|Arkansas Razorbacks Football|
2020 Arkansas Razorbacks
|Athletic director||Hunter Yurachek|
|Head coach||Sam Pittman|
|1st year, 0–0 (.000)|
|Home stadium||Donald W. Reynolds Razorback Stadium|
|Field||Frank Broyles Field|
|Stadium surface||Tahoma 31 (Fayetteville)|
FieldTurf (Little Rock)
|Conference||Southeastern Conference (SEC)|
|Past conferences||Independent (1894–1914)|
Southwest Conference (1915–1991)
|All-time record||716–504–40 (.584)|
|Postseason bowl record||15–24–3 (.393)|
|Claimed national titles||1 (1964)|
|Rivalries||Ole Miss (rivalry)|
Texas A&M (rivalry)
|Colors||Cardinal and White
|Fight song||Arkansas Fight|
|Marching band||Best in Sight and Sound|
The Arkansas Razorbacks football team represents the University of Arkansas located in Fayetteville, Arkansas.

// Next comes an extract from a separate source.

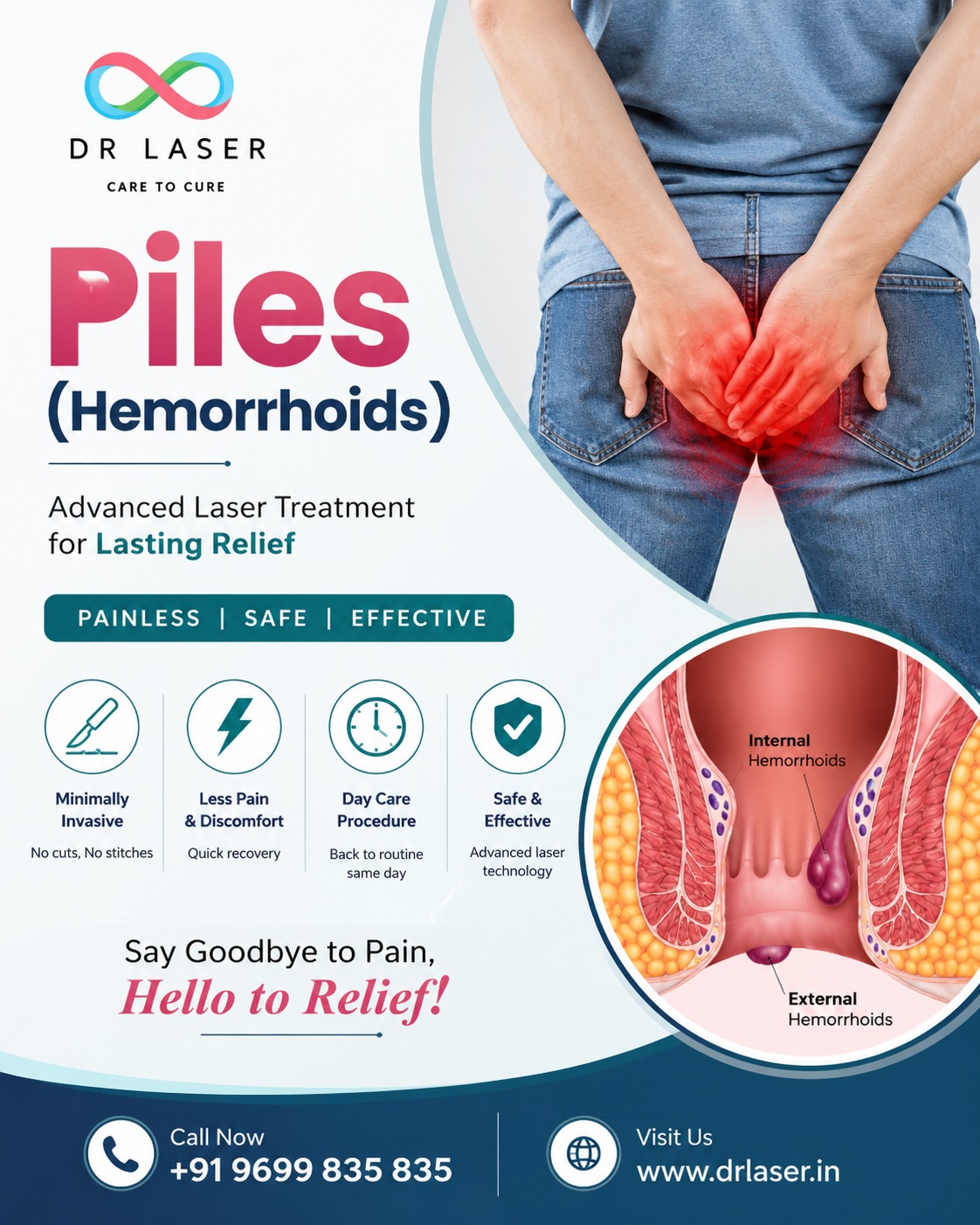 Piles (Hemorrhoids) causing pain and discomfort?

The Razorbacks are a member of the NCAA FBS Southeastern Conference and play their home games at the Donald W. Reynolds Razorback Stadium in Fayetteville. The Razorbacks are currently coached by Sam Pittman. As of 2019, the program has 1 claimed national championship awarded by the Football Writers Association of America (FWAA) and Helms Athletic Foundation (HAF) in 1964, 1 unclaimed national championship awarded by the Foundation for the Analysis of Competitions and Tournaments (FACT) in 1977, 13 conference championships, 45 All-Americans, and an all-time record of 716–504–40.
Early history (1894–1957)
The first University of Arkansas football team was formed in 1894 and coached by John Futrall, who was a Latin professor at the University. That team played three games: two against Fort Smith High School and one against Texas. Before the 1909 season, the teams were called the Arkansas Cardinals and a bird was the school's mascot. The name and mascot changed following the 1909 season when the football team, coached by Hugo Bezdek, finished 7–0. The Cardinals became the Razorbacks after Arkansas defeated LSU 7-0 and coach Bezdek told them they were "as tough" as a band of fighting Razorbacks. The Wooo Pig Sooie or calling the Hogs became a tradition and the official school cheer in the 1920s when farmers rushing out to meet the bus returning from an away game called the hogs as a greeting. Arkansas prevailed over powerhouses Oklahoma, LSU and Washington of St. Louis in 1909, and was declared unofficial champions of the South and Southwest. It was with the help of Steve Creekmore that this was accomplished. Creekmore became perhaps the first Razorback star, a quarterback from Van Buren, Arkansas who initially played only Intramural sports. Bezdek used Creekmore to install a very early edition of the hurry-up offense, as the team never huddled and chased the ball after every play. Creekmore was also known for "fast and slippery running, blocking, and passing" and could also return punts and tackle well.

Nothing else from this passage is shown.